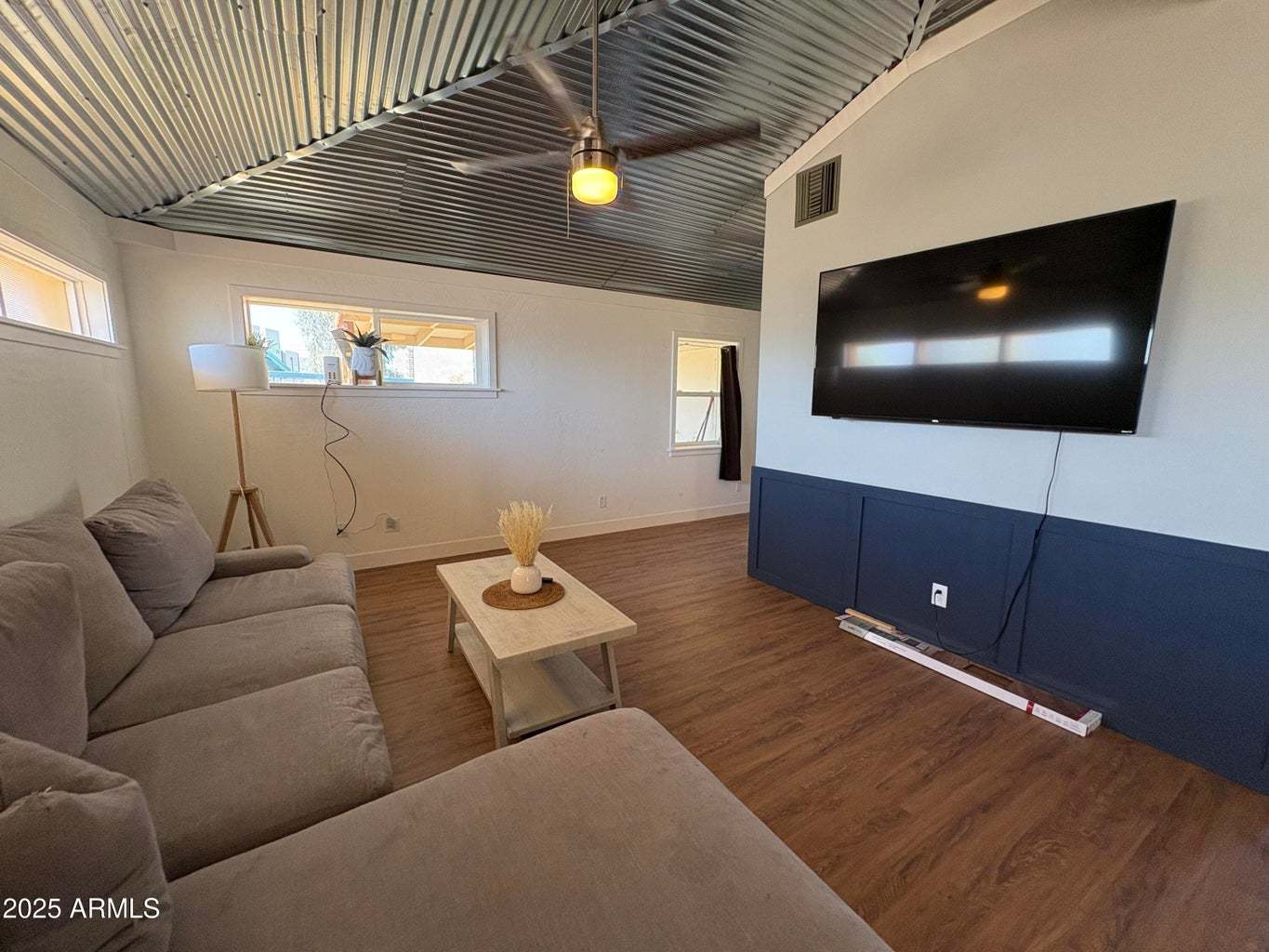 422 W EVA ST property image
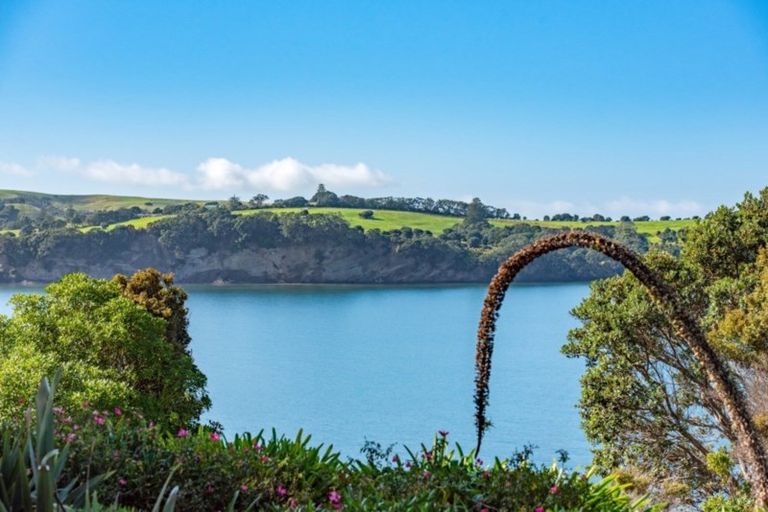 Photo of property in 37 Island View Drive, Gulf Harbour, Whangaparaoa, 0930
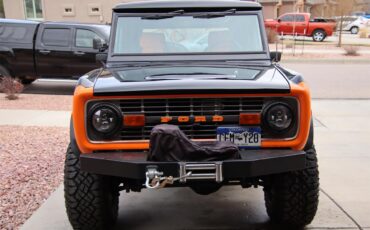 Ford-Bronco-1971-BlackOrange-Black-10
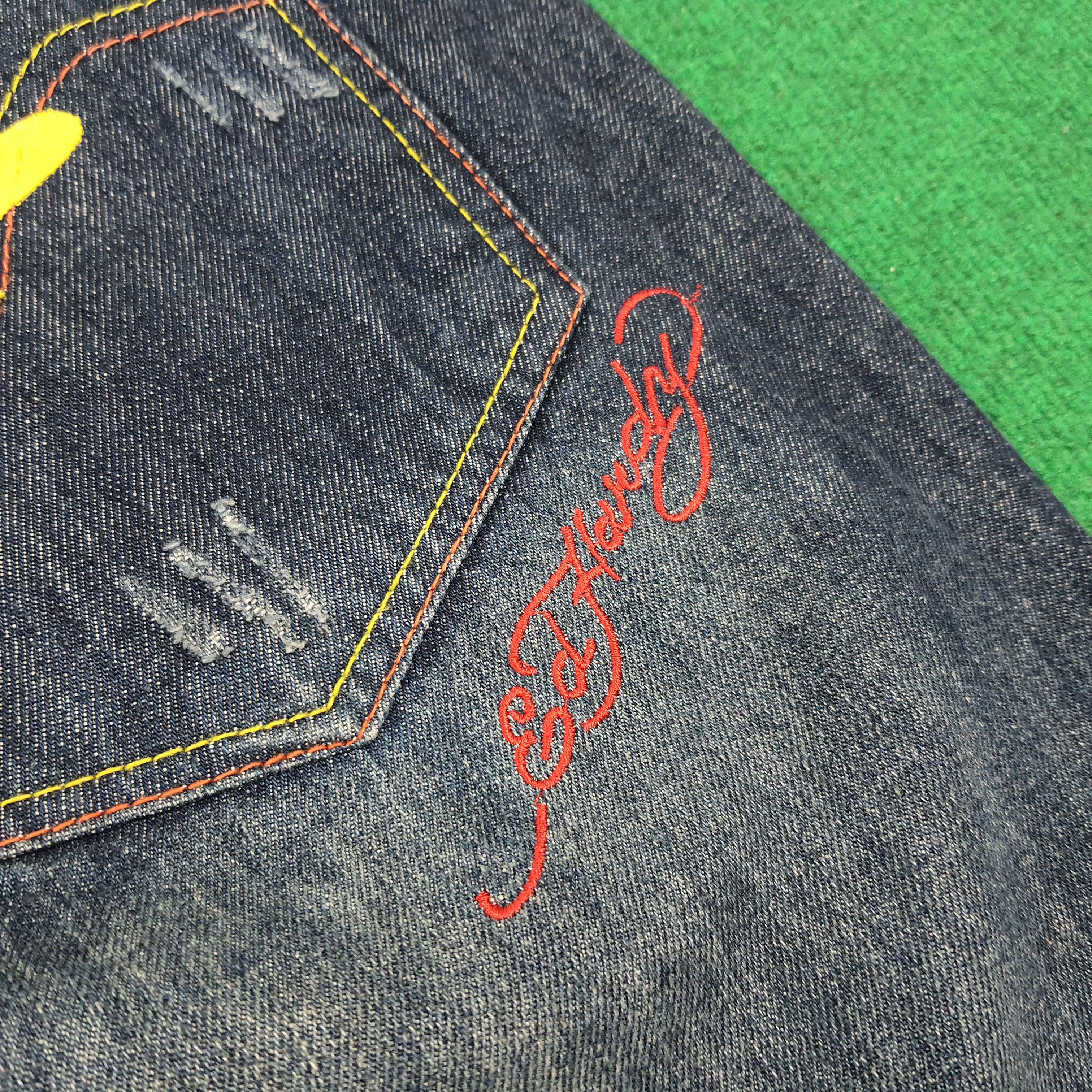 Ed Hardy Vintage Ed Hardy Skull Embroidered Custom Logo Jeans C272N18 Size US 43 - 8 Thumbnail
========
> _Your objective_
Reproduce the material in its entirety and word for word, without the pictures.

> _Task result_
 422 W EVA ST property image
 Photo of property in 37 Island View Drive, Gulf Harbour, Whangaparaoa, 0930
 Ford-Bronco-1971-BlackOrange-Black-10
 Ed Hardy Vintage Ed Hardy Skull Embroidered Custom Logo Jeans C272N18 Size US 43 - 8 Thumbnail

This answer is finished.